» **WORK ORDER**
The entries that follow must be given again exactly, with no pictures kept.
* * * * * * * * *
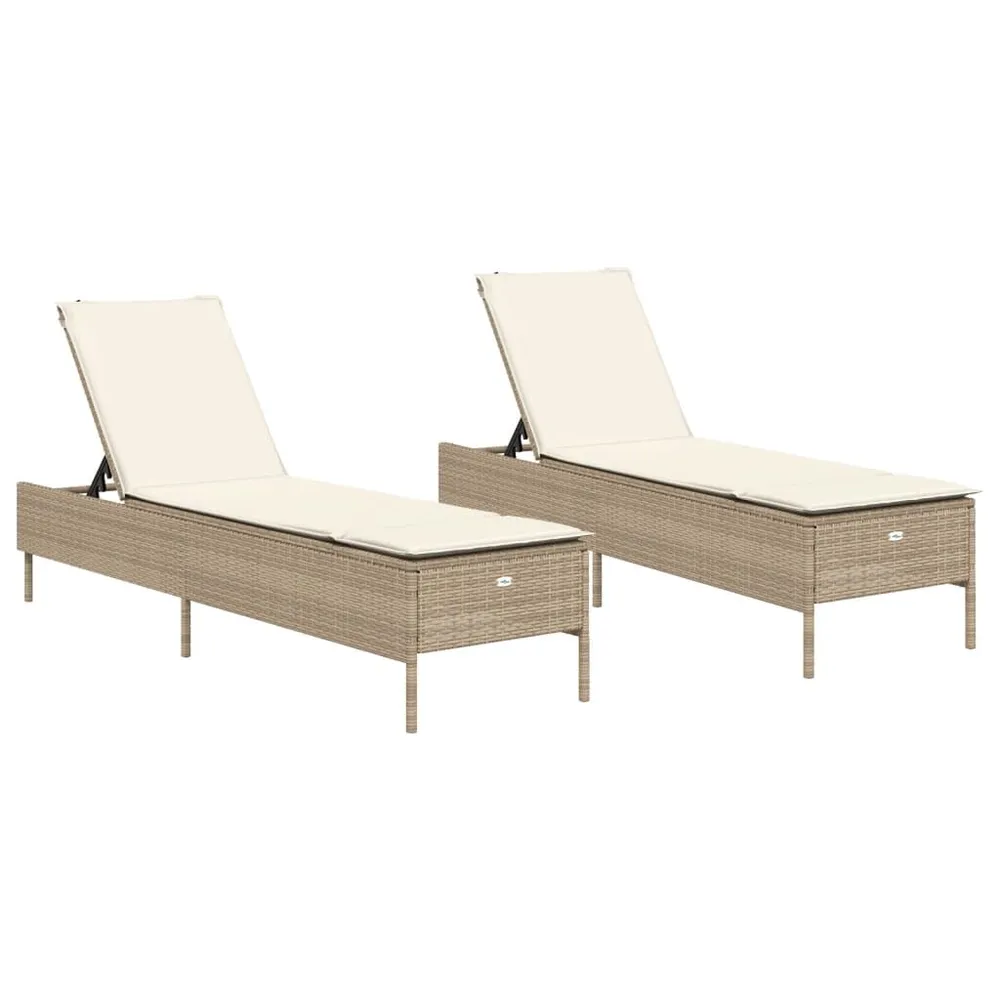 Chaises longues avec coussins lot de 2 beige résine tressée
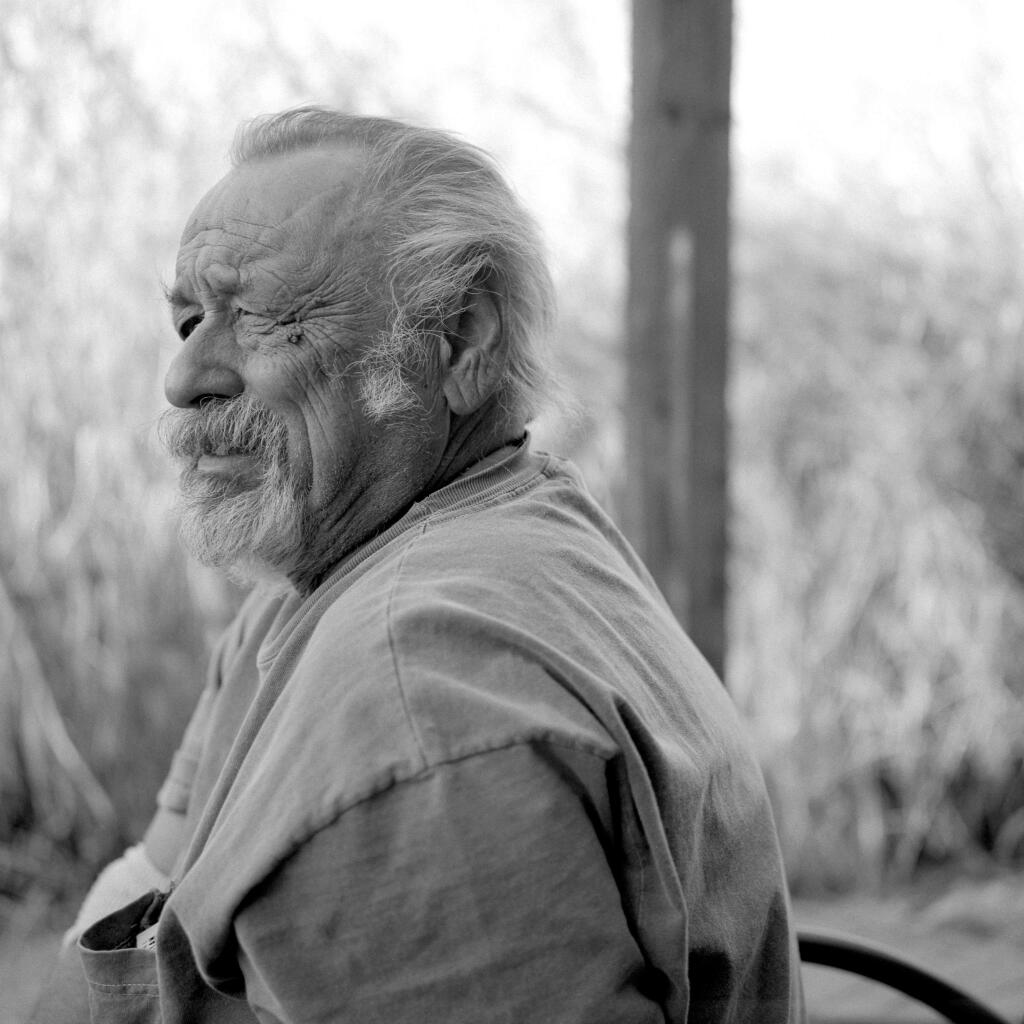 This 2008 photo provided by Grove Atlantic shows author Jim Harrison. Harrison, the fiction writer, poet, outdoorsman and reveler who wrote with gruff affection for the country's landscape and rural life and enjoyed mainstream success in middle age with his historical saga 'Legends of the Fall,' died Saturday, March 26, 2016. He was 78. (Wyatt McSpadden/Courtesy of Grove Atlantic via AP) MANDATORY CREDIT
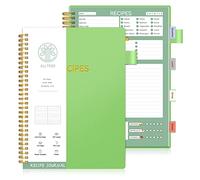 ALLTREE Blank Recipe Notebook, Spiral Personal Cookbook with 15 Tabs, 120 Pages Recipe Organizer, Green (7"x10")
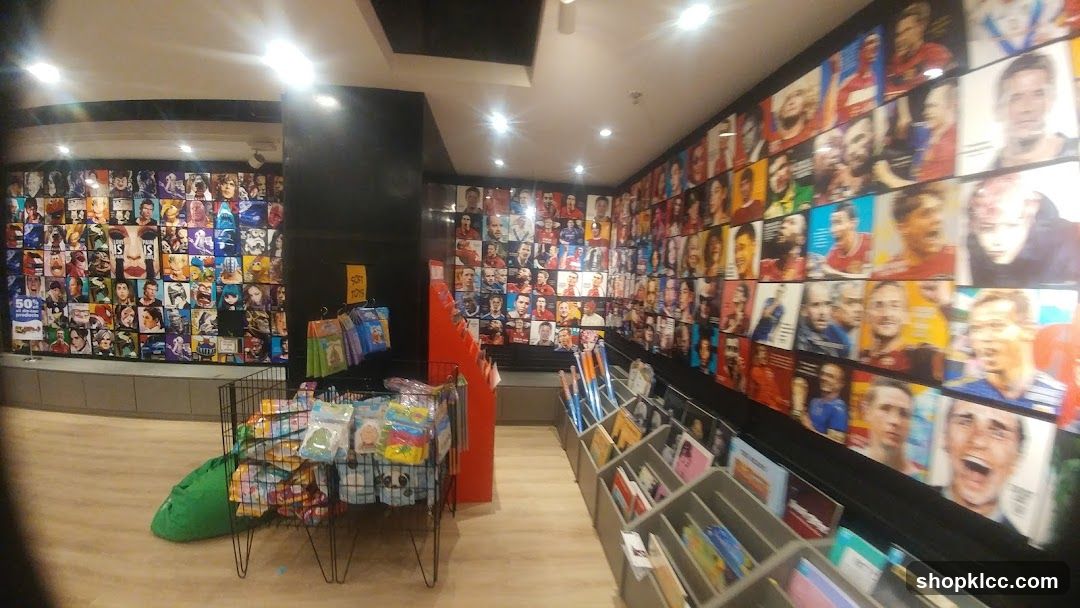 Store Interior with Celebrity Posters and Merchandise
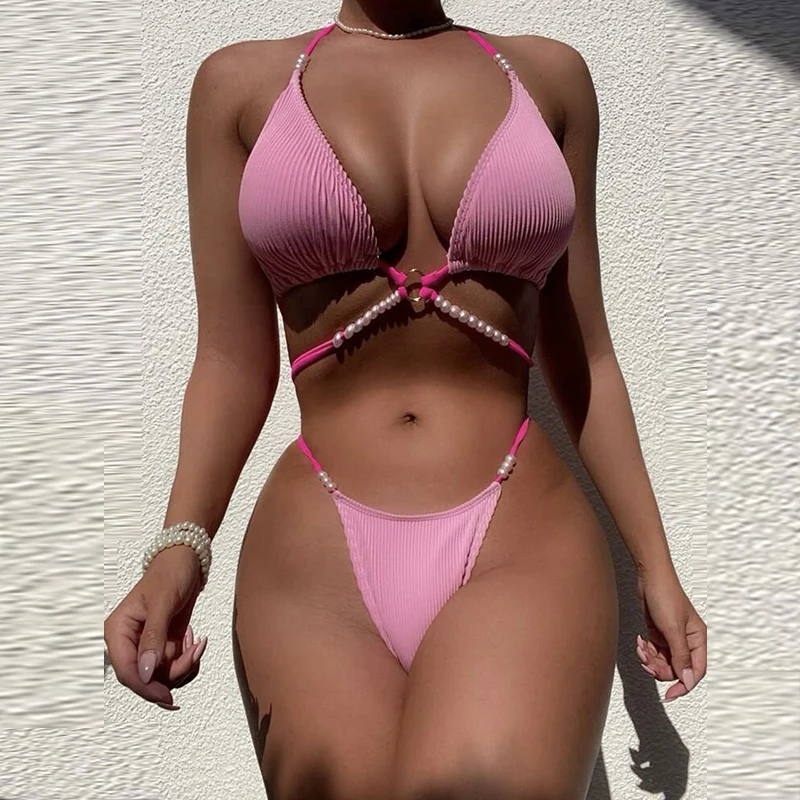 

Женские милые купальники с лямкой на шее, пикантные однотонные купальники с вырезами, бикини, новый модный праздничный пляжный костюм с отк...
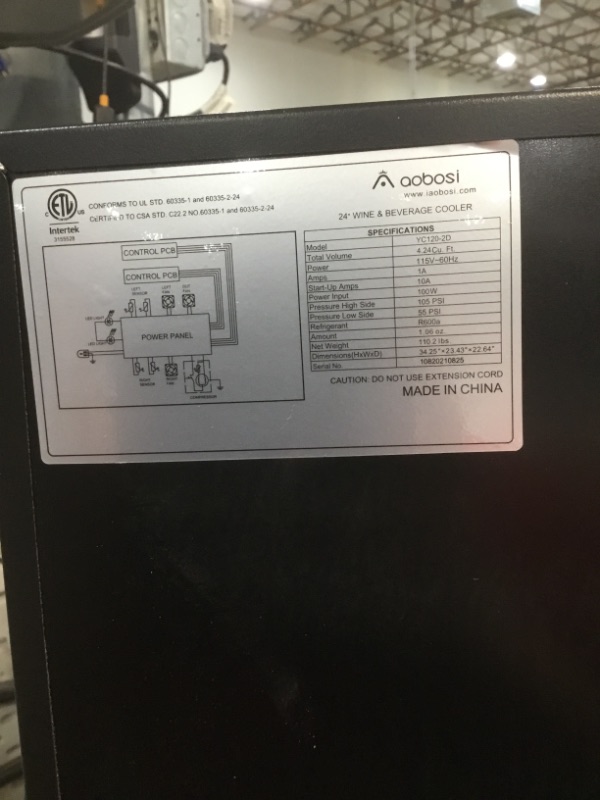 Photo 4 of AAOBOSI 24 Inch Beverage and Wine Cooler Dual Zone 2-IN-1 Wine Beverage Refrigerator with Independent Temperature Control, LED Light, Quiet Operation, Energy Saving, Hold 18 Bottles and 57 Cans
* * * * * * * * *
» **ANSWER TO THE PROBLEM**
 Chaises longues avec coussins lot de 2 beige résine tressée
 This 2008 photo provided by Grove Atlantic shows author Jim Harrison. Harrison, the fiction writer, poet, outdoorsman and reveler who wrote with gruff affection for the country's landscape and rural life and enjoyed mainstream success in middle age with his historical saga 'Legends of the Fall,' died Saturday, March 26, 2016. He was 78. (Wyatt McSpadden/Courtesy of Grove Atlantic via AP) MANDATORY CREDIT
 ALLTREE Blank Recipe Notebook, Spiral Personal Cookbook with 15 Tabs, 120 Pages Recipe Organizer, Green (7"x10")
 Store Interior with Celebrity Posters and Merchandise

Женские милые купальники с лямкой на шее, пикантные однотонные купальники с вырезами, бикини, новый модный праздничный пляжный костюм с отк...
 Photo 4 of AAOBOSI 24 Inch Beverage and Wine Cooler Dual Zone 2-IN-1 Wine Beverage Refrigerator with Independent Temperature Control, LED Light, Quiet Operation, Energy Saving, Hold 18 Bottles and 57 Cans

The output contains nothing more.